* **Directions for this task**:
Your copy should hold only the lines from the one with "Chanel Cambon Medium" to the one with "2013 Mercedes-Benz C-Class", both included, each exactly as it stands below, with no pictures.
** Supplied records follows **
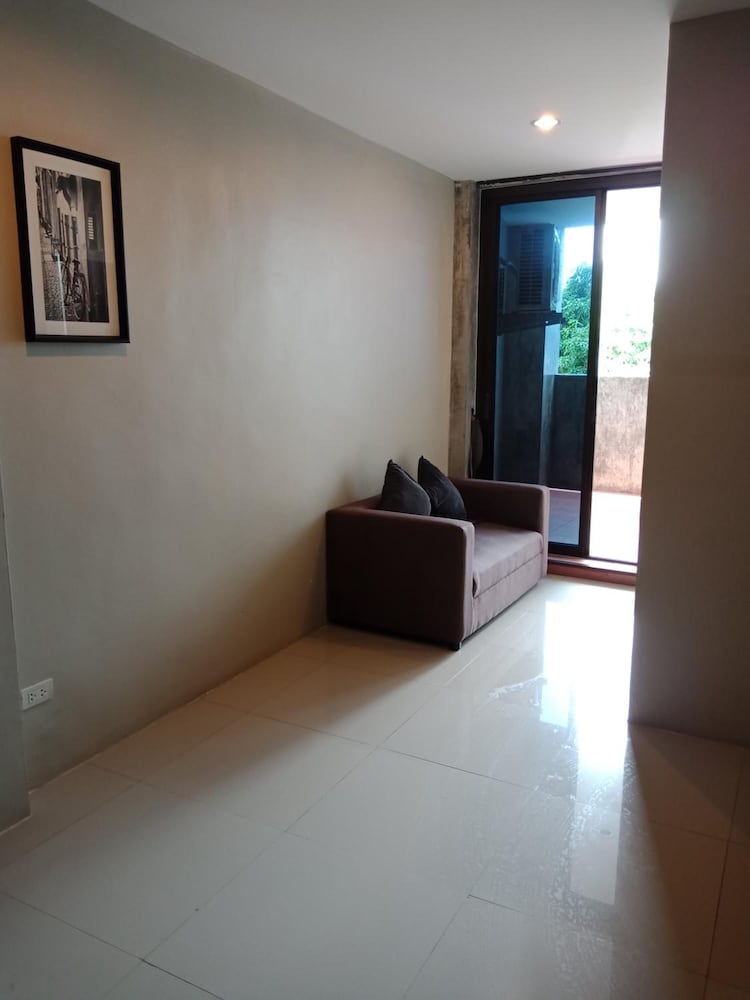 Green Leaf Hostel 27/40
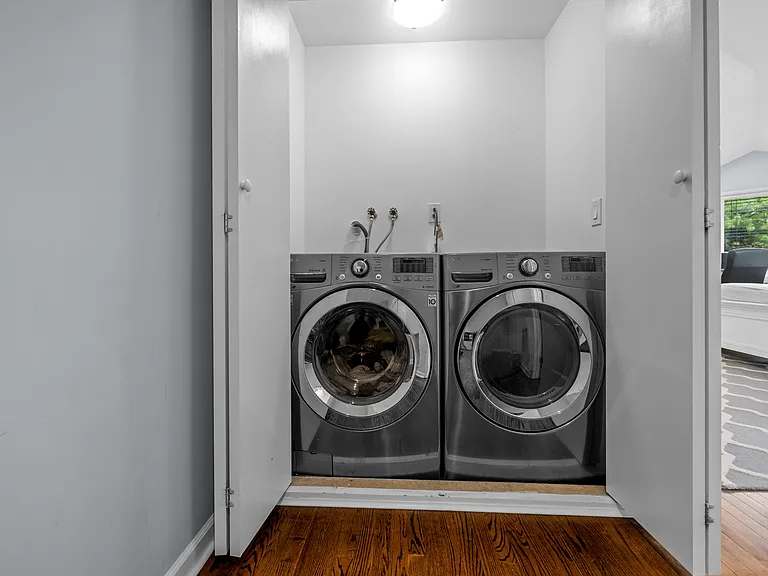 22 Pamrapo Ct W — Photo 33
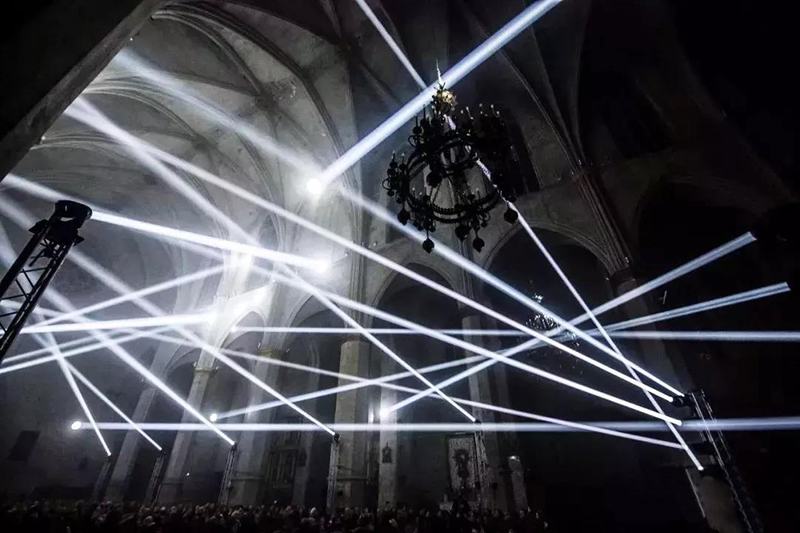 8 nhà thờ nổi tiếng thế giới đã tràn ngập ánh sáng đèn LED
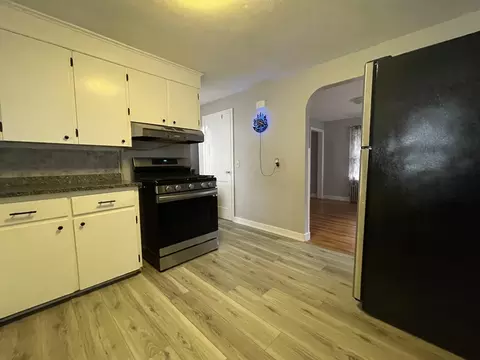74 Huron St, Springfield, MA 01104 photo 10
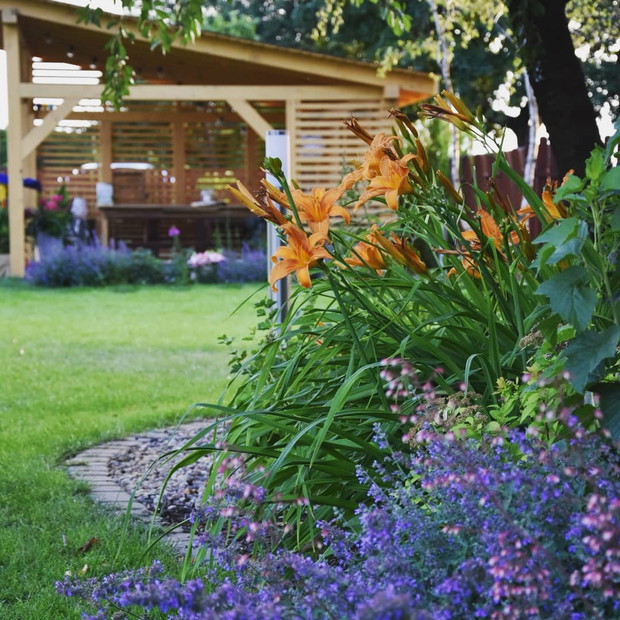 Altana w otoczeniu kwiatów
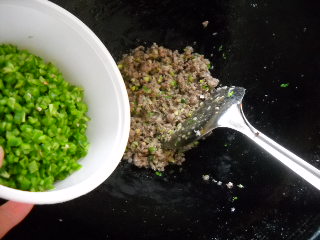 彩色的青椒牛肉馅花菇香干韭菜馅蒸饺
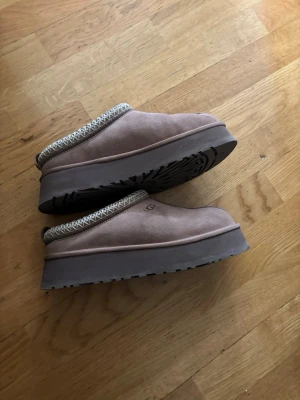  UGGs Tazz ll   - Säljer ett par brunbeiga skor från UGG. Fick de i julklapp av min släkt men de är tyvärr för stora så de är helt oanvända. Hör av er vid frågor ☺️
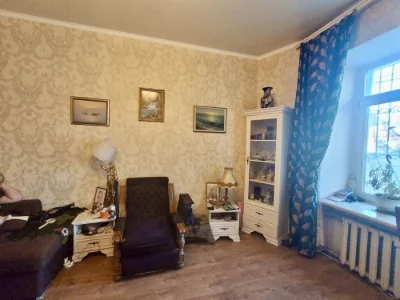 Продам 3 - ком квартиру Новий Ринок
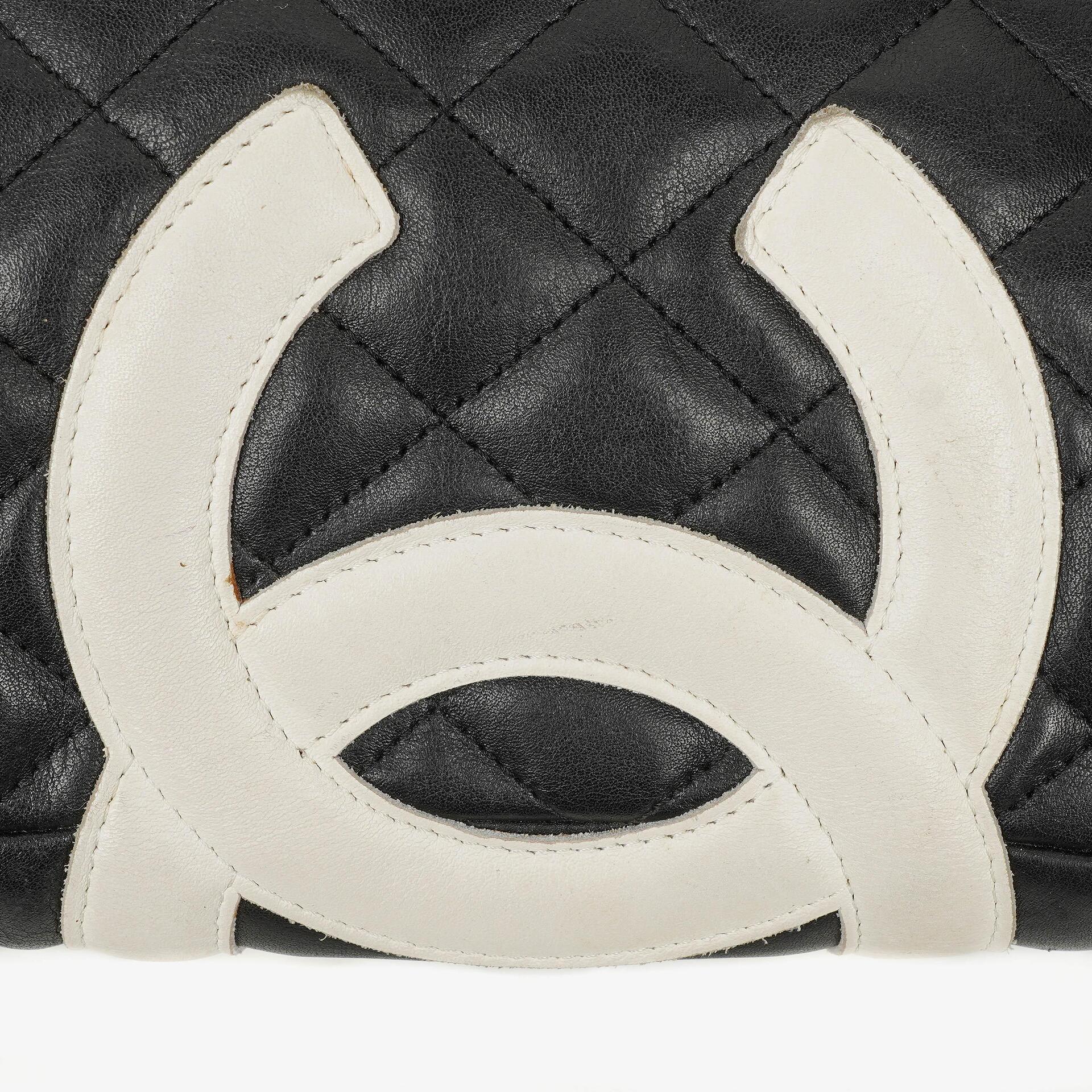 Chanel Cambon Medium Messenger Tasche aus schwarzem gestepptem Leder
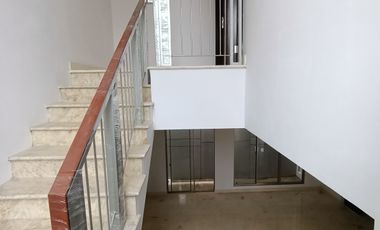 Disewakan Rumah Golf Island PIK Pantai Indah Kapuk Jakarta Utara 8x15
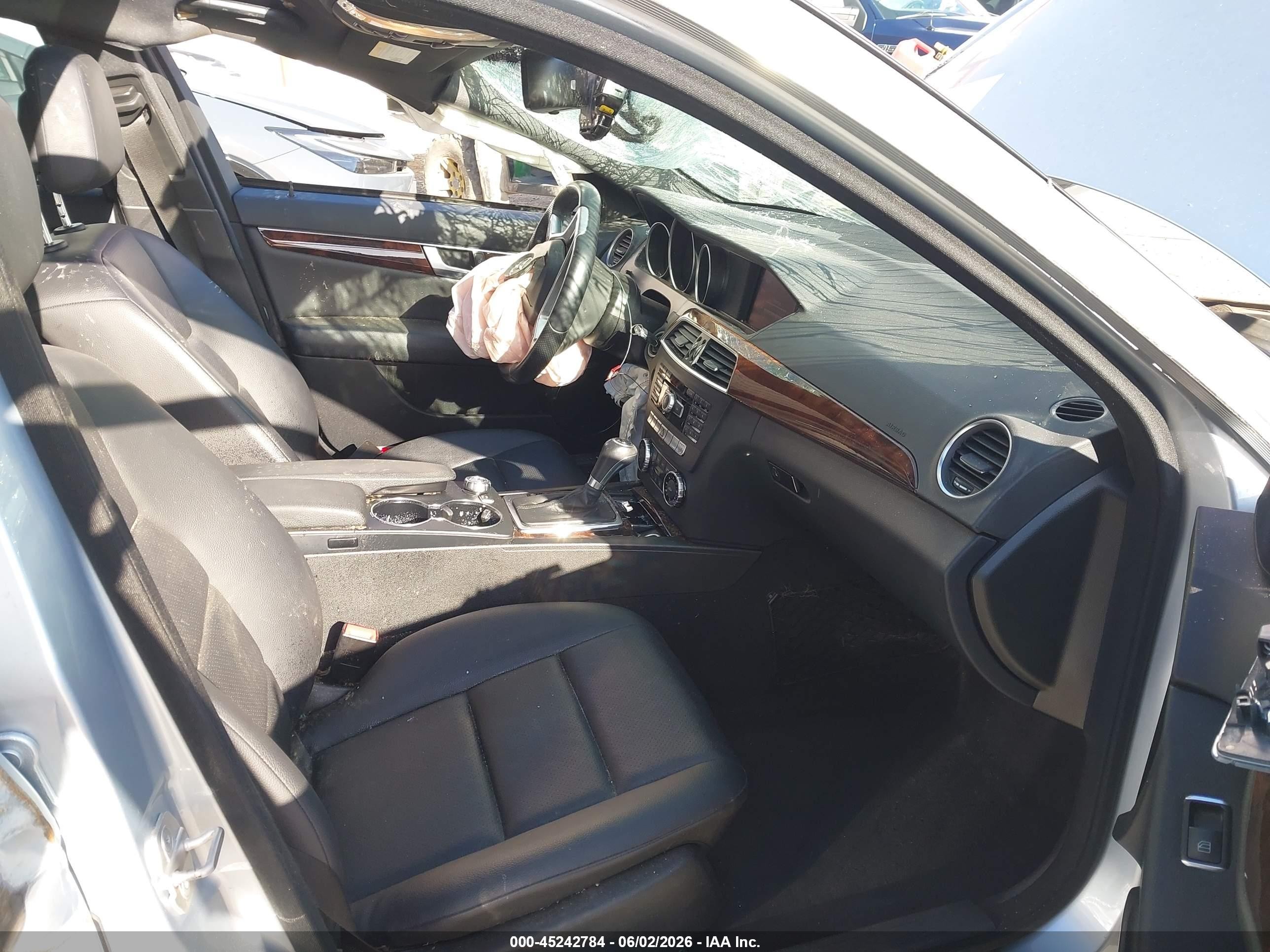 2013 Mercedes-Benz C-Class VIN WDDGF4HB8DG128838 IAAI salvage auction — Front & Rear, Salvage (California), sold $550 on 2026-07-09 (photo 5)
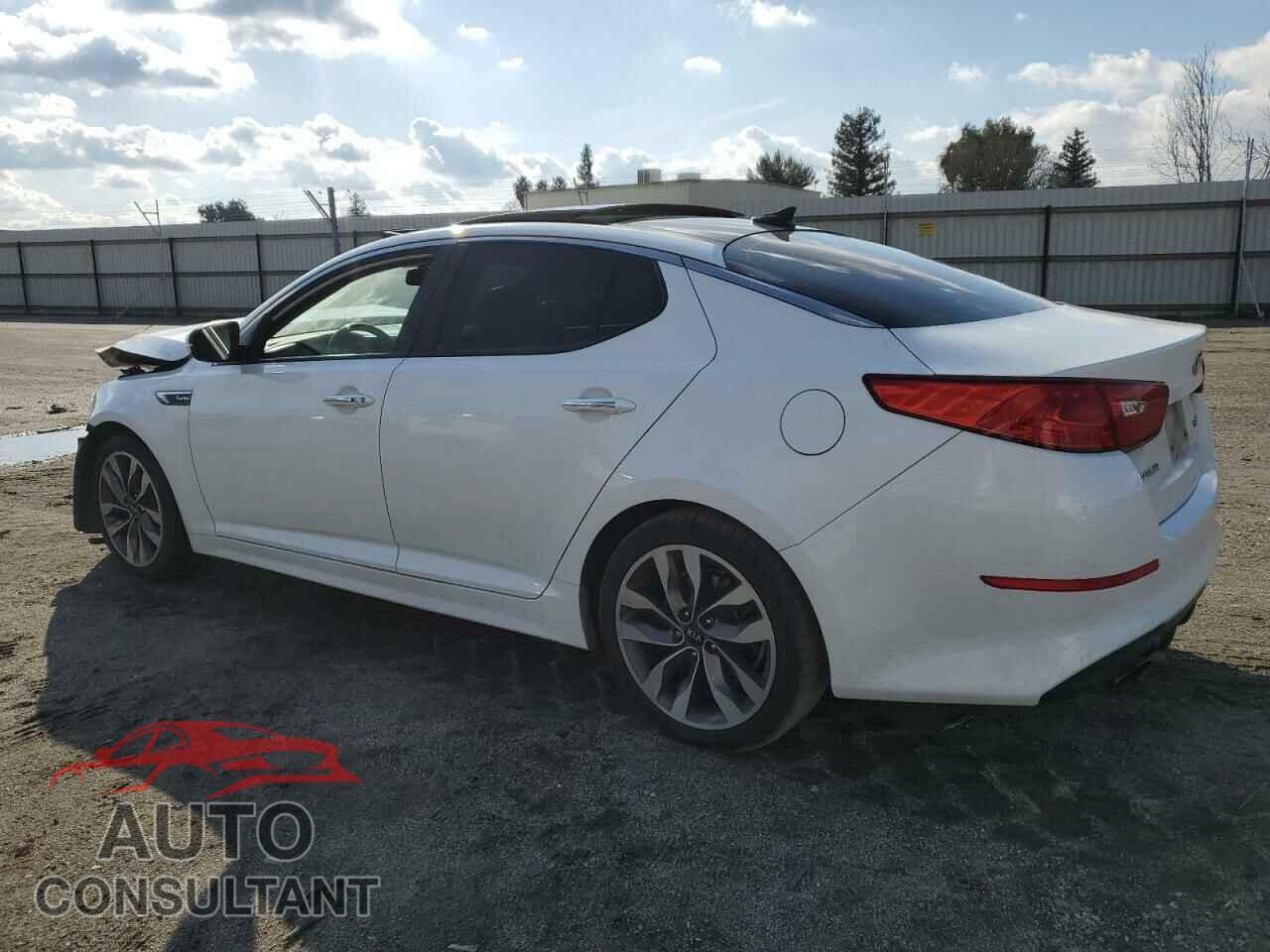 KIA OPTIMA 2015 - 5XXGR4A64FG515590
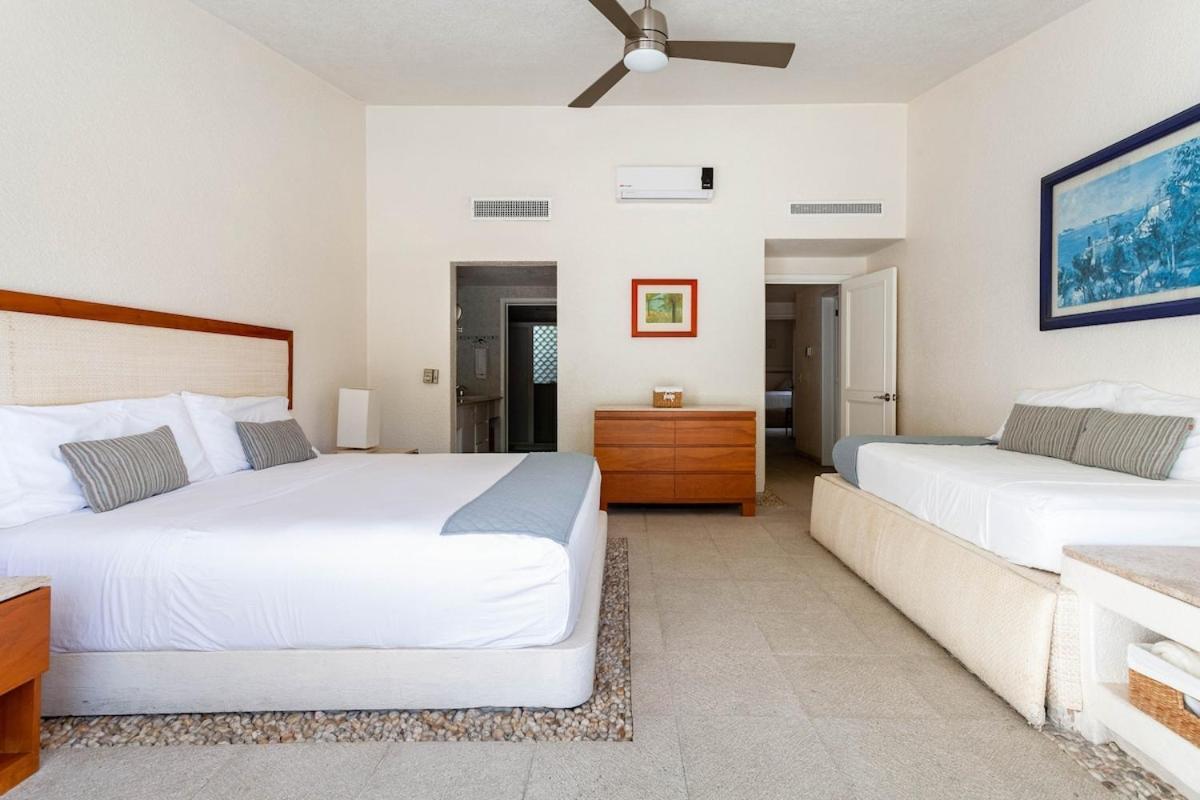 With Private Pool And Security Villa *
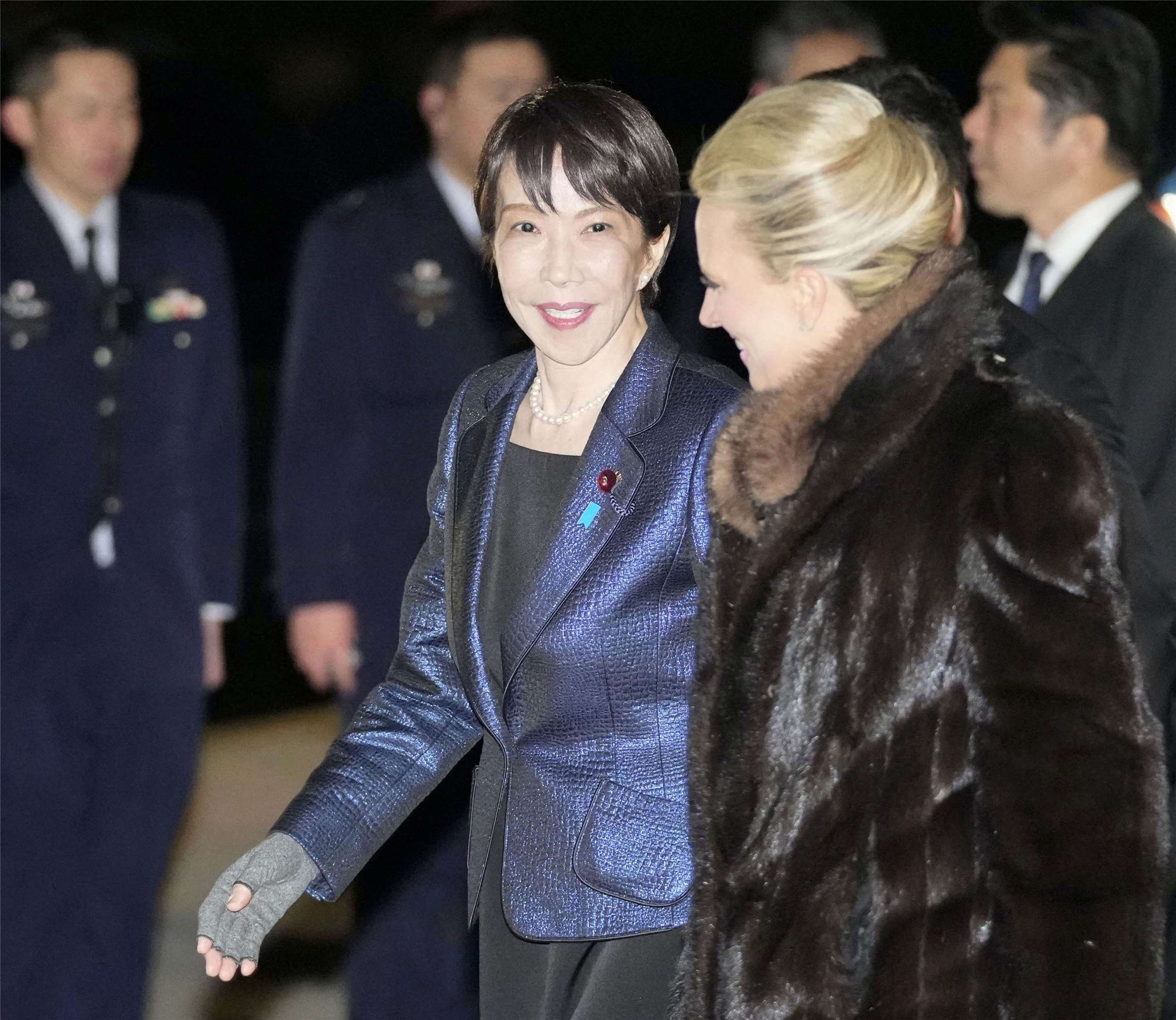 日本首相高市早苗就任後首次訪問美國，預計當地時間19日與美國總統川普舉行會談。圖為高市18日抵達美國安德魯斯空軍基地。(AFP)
** End of Supplied records **
* **Task output**:
 Chanel Cambon Medium Messenger Tasche aus schwarzem gestepptem Leder
 Disewakan Rumah Golf Island PIK Pantai Indah Kapuk Jakarta Utara 8x15
 2013 Mercedes-Benz C-Class VIN WDDGF4HB8DG128838 IAAI salvage auction — Front & Rear, Salvage (California), sold $550 on 2026-07-09 (photo 5)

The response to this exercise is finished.